In Re Custom House Capital Ltd (In Liquidation): Scott v Wallace  IEHC 559
A former director of Custom House Capital Limited (CHC) was recently found by the High Court to have fraudulently misrepresented to an investor that her €145,000 investment in the company was “safe” a year before CHC's collapse.
In March 2010 Ms Tressan Scott entered into a Subordinated Loan Agreement with CHC pursuant to which she loaned the sum of €145,000 to CHC. The High Court heard that at the time the agreement was signed, Ms Scott was recovering from treatment for lymphoma. She had not been advised to obtain legal advice and was not legally advised before she signed the agreement.
In September 2010, Ms Scott received a letter signed by the CEO of CHC, refuting a number of issues raised in newspaper articles, which included a report that the Central Bank of Ireland had concerns with regard to how CHC segregated its own assets from those of its clients. The letter categorically stated that no client funds or other assets held on behalf of CHC clients were in jeopardy and that the CHC Board was not aware of any regulatory concerns surrounding the segregation of client assets. It also stated that CHC was in compliance with the client asset requirements issued by the Financial Regulator.

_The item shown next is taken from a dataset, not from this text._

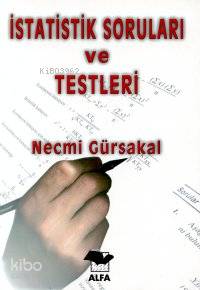 İstatistik Soruları ve Testleri Necmi Gürsakal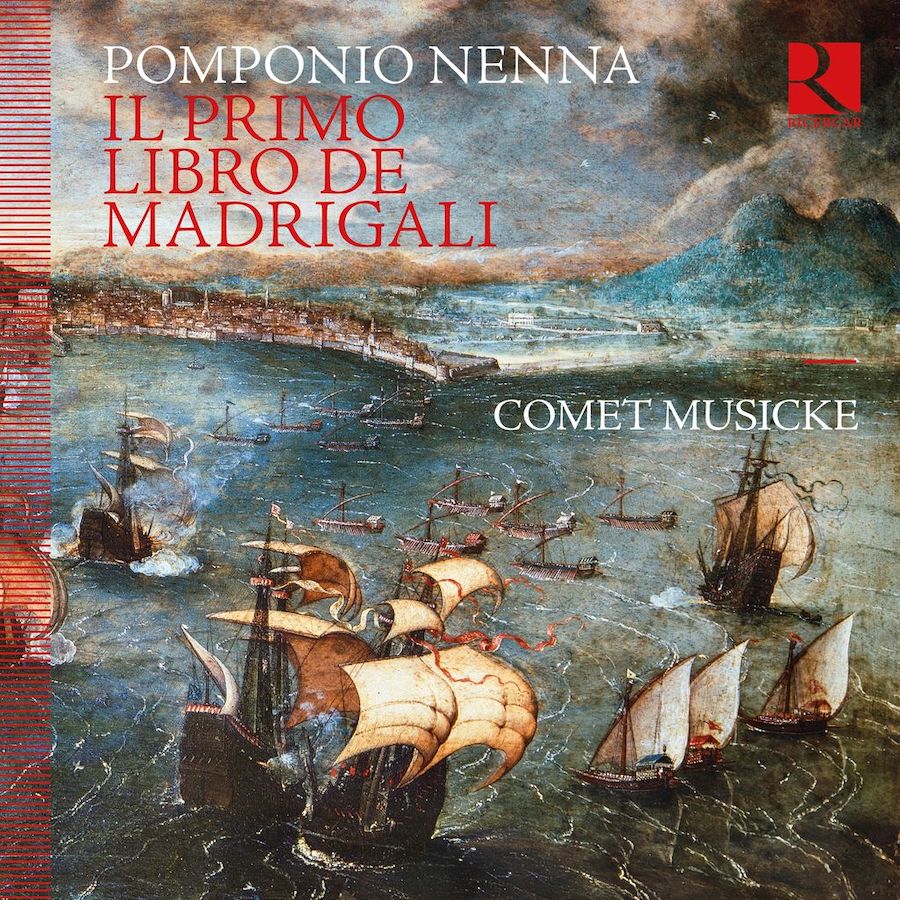Ricercar RIC488 5400439004887 Pomponio Nenna, Pomponio Nenna, Giovanni de Macque, Giovanni Maria Trabaci, Comet Musicke Pomponio Nenna Pomponio Nenna: Il primo libro de madrigali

Ms Scott claimed in the High Court that the following month, the Investment Director of CHC, Mr John Whyte, arranged to meet with Ms Scott at her home in Co. Wexford. She stated that Mr Whyte reassured her on that occasion that the investment was safe and offered her the option of either (i) continuing to participate in the CHC Subordinated Loan or (ii) having CHC repay the loan together with the interest due on a pro rata basis. Ms Scott contended that she decided to continue to participate in the Subordinated Loan on the basis of the representation by Mr White that her investment in CHC was “safe”.
The Court found that on the basis of a report subsequently prepared by the inspectors appointed by the Central Bank, which ultimately led to the liquidation of CHC, that as a matter of probability Mr. Whyte was aware in October 2010 of “significant improper and unauthorised transfers” from client accounts to fund shortfalls in property investments made by CHC. The Court accordingly found that a constructive trust had arisen in Ms. Scott’s favour arising from the misrepresentations by Mr. Whyte and that as a result the money she had invested in CHC was held by the company and consequently the liquidator of CHC in trust for her.
The Court ordered that an exercise to trace the funds due to Mrs. Scott be carried out by the liquidator.